*** Block opens ***

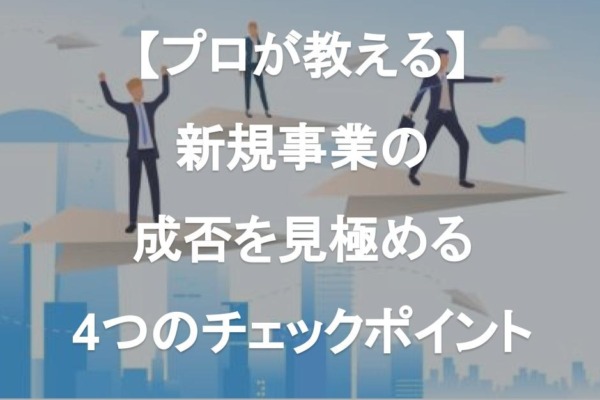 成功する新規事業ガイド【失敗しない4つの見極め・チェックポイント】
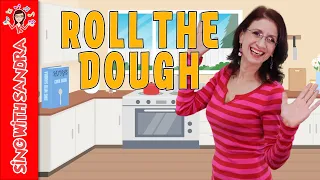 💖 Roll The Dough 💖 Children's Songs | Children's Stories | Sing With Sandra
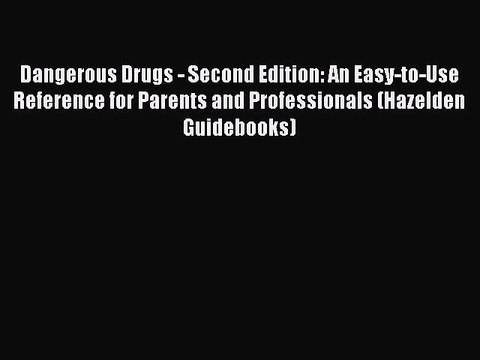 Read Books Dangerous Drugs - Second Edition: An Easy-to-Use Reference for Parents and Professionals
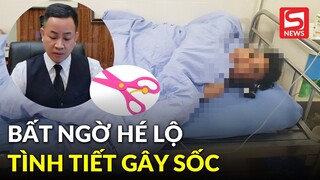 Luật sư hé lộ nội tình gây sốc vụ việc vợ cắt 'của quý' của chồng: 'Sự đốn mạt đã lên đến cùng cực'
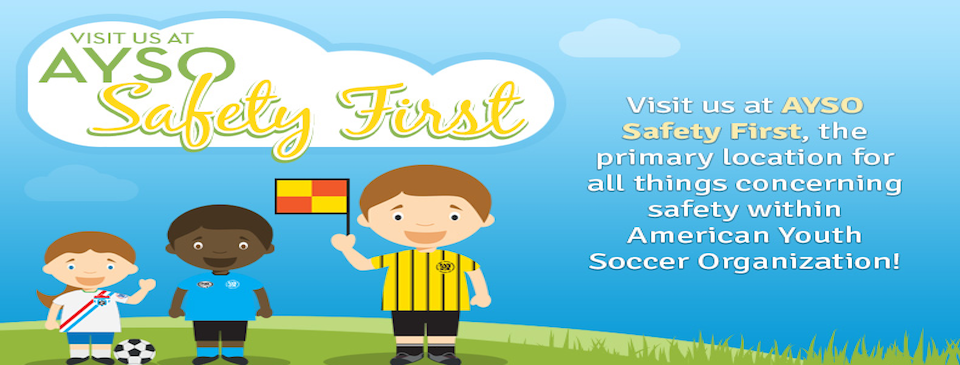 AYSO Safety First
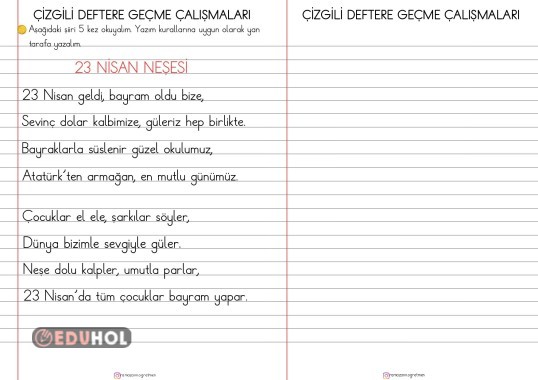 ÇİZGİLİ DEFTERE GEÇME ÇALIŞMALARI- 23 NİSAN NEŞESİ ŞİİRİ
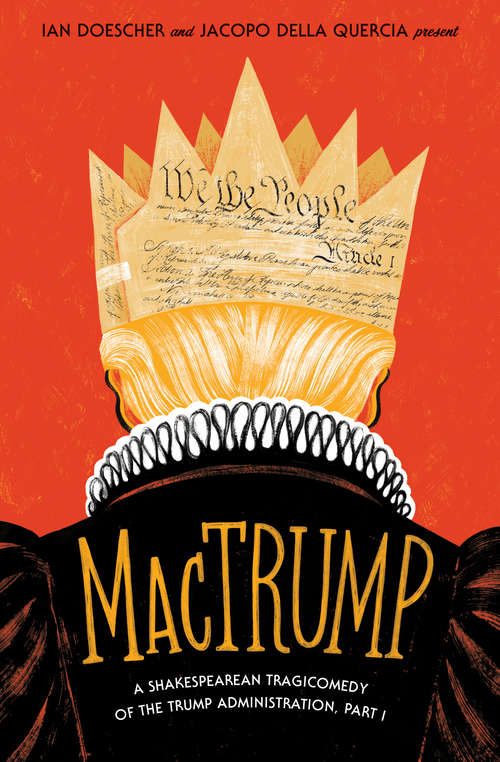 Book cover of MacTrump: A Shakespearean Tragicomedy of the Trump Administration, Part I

*** Block closes ***

— WHAT THIS TASK INVOLVES —
Your task is to repeat exactly the lines from the one containing "ÇİZGİLİ DEFTERE GEÇME" through the end of the material, both included, and only those, without pictures.

— ANSWER SPACE —
 ÇİZGİLİ DEFTERE GEÇME ÇALIŞMALARI- 23 NİSAN NEŞESİ ŞİİRİ
 Book cover of MacTrump: A Shakespearean Tragicomedy of the Trump Administration, Part I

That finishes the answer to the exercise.